Rodriguez did not present evidence of an actual injury, or an actual instance of a lack of legal supplies resulting in denial of access to a court. See Johnson, 948 F.2d at 521. In his complaint, he alleged that the defendants once refused to make photocopies for an appeal in this court. Rodriguez filed a copy of the denial of his photocopy request. Robertson-Hande's affidavit and prison appeal records stated that the photocopy request was denied because Rodriguez did not file all required documents with the request. Moreover, Rodriguez did not present any evidence that the lack of photocopies resulted in an actual denial of access to this court. See id.
Rodriguez contends that the "solvency" regulation, which requires indigent inmates to pay for legal supplies and photocopies with later-acquired funds, see Or.Admin.R. 291-139-045(3), is not reasonably related to legitimate penological interests as required by Turner, 482 U.S. at 89. This contention lacks merit because Rodriguez did not show that the solvency regulation impinged on his right of access to the courts. See King v. Atiyeh, 814 F.2d 565, 568 (9th Cir.1987) (while prisons must provide inmates free postage stamps to mail legal documents and other means of access to courts, the "reviewing court should focus on whether the individual plaintiff before it has been denied meaningful access"); Sands, 886 F.2d at 1169-71 (same).

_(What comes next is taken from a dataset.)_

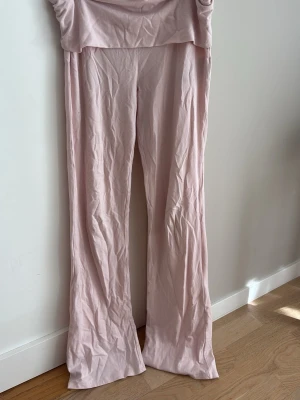 Ljusrosa leggings från Gina Tricot - Säljer ett par ljusrosa leggings från Gina Tricot i mjukt stretchigt material. De har utsvängda ben och hög midja, perfekta för en avslappnad och trendig look. Passar dig som gillar bekväma och snygga byxor i en feminin färg. De har några fläckar som man knappt märker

Finally, Rodriguez contends that the defendants did not provide adequate procedures for the redress of grievances. This contention lacks merit.

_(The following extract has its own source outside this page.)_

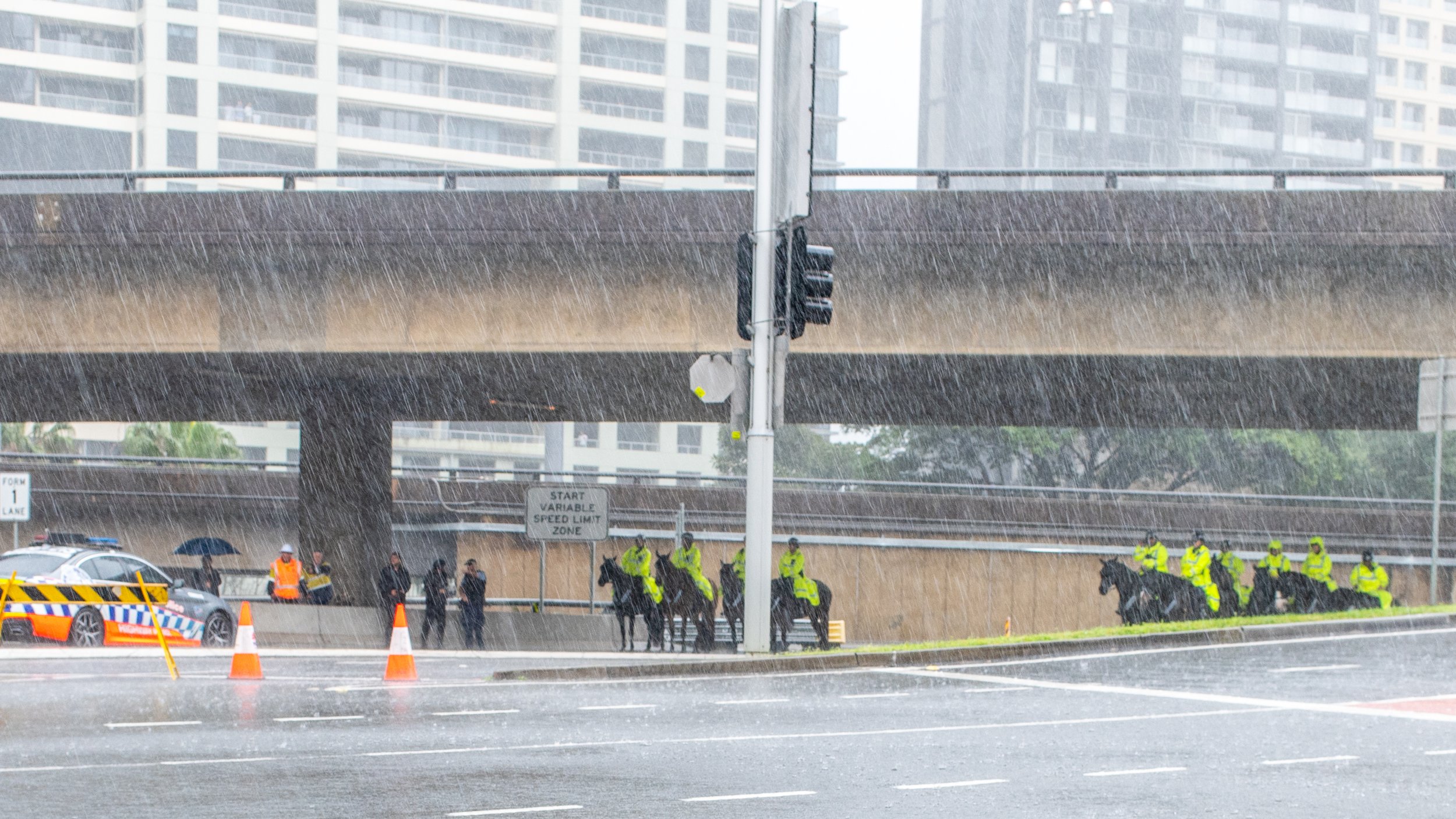 Police officers on horseback and on foot under a bridge during heavy rain, with a police car and traffic cones on the street.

In his complaint, Rodriguez alleged that defendant Pearce unreasonably delayed considering his grievance regarding the denial of his photocopy request. Prison regulations provide for grievance procedures. Or.Admin.R. 291-109-005 et seq. Rodriguez appears to claim either that these procedures are inadequate or that Pearce violated his right to due process by failing to follow the procedures.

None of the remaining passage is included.